Stephanie Nonoshita Topalian (born August 5, 1987), known simply as , is an American singer and actress of Armenian and Japanese descent who is signed with SME Records Japan, which is a part of Sony Music. She released two albums: her self-titled debut in 2008 and Colors of my Voice in 2009. She has won the Japanese Music Awards in 2007. A number of her songs have been featured in several Japanese films. She had roles in a few Japanese films, notably Pride and Tokyo Tribe. In 2015, she represented Armenia in the Eurovision Song Contest 2015 as a member of Armenian super group project Genealogy with the song "Face the Shadow".

Early life and education
She was born to a Japanese mother and an Armenian father in Los Angeles, California. Although she is residing in Japan, she has a strong commitment to her Armenian background and is very attached to her grandparents. Her paternal grandmother Koharik Mikaelian Topalian was born in Lebanon and her paternal grandfather Jean Pierre Topalian was born in France, both of Armenian descent.
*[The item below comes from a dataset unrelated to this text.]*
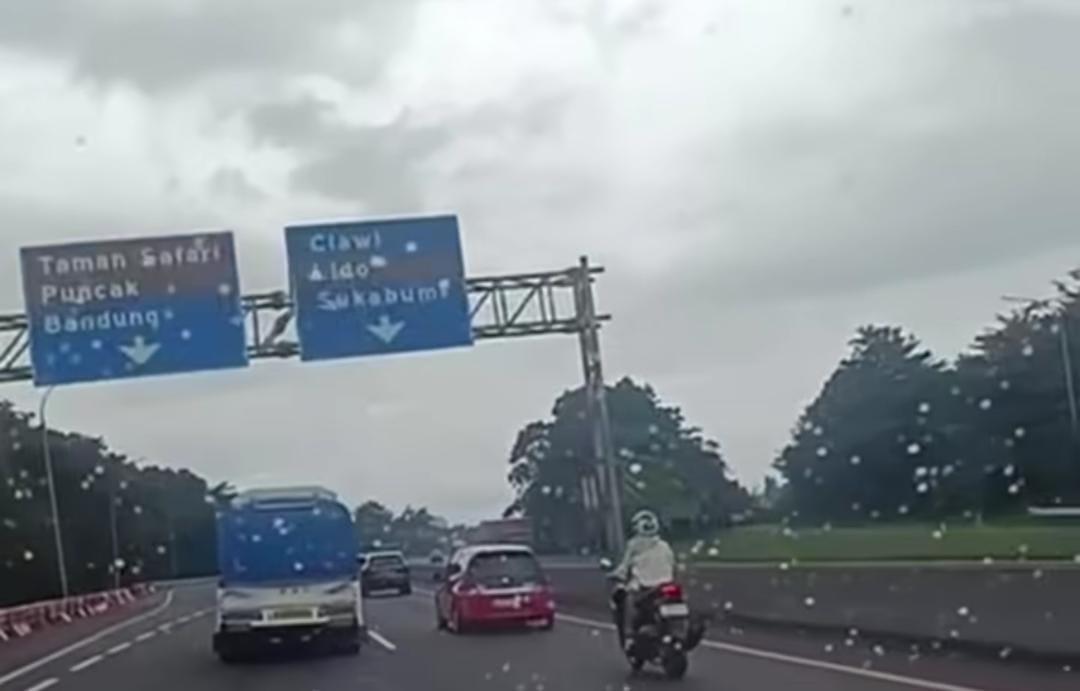 Viral! Pemotor Masuk Tol Jagorawi Ngaku Ikuti Google Maps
Stephanie graduated from Aoyama Gakuin University Law School. She is bilingual and speaks English and Japanese.

Career
She began singing at a young age. At age 13, she moved to Japan with her family. At 14, Stephanie sent an audio demo tape of her singing to various music productions, and received a response from a Japanese music producer Joe Rinoie. Rinoie was impressed with her singing, and at the age of 19 Stephanie made her major debut in Japan from SME Records (Sony). She achieved the "Best New Artist Award" at the prestigious 49th Japan Record Awards in 2007 and afterwards released two albums.
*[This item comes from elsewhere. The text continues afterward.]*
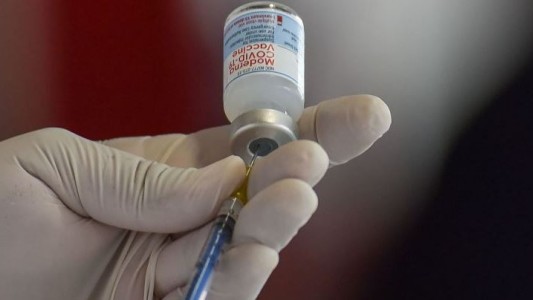 Moderna trabaja en una vacuna conjunta para la gripe y el coronavirus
Her debut single "Kimiga Iru Kagiri" and the follow-up single "Because of You" became the ending themes of the anime Kiss Dum. Her fifth single, “Changin", was also featured as the last ending theme of the anime D.Gray-man. In early 2008, her single "Friends" became the second ending theme for the anime Gundam 00. The song appeared in the Top 10 of Japanese Oricon charts.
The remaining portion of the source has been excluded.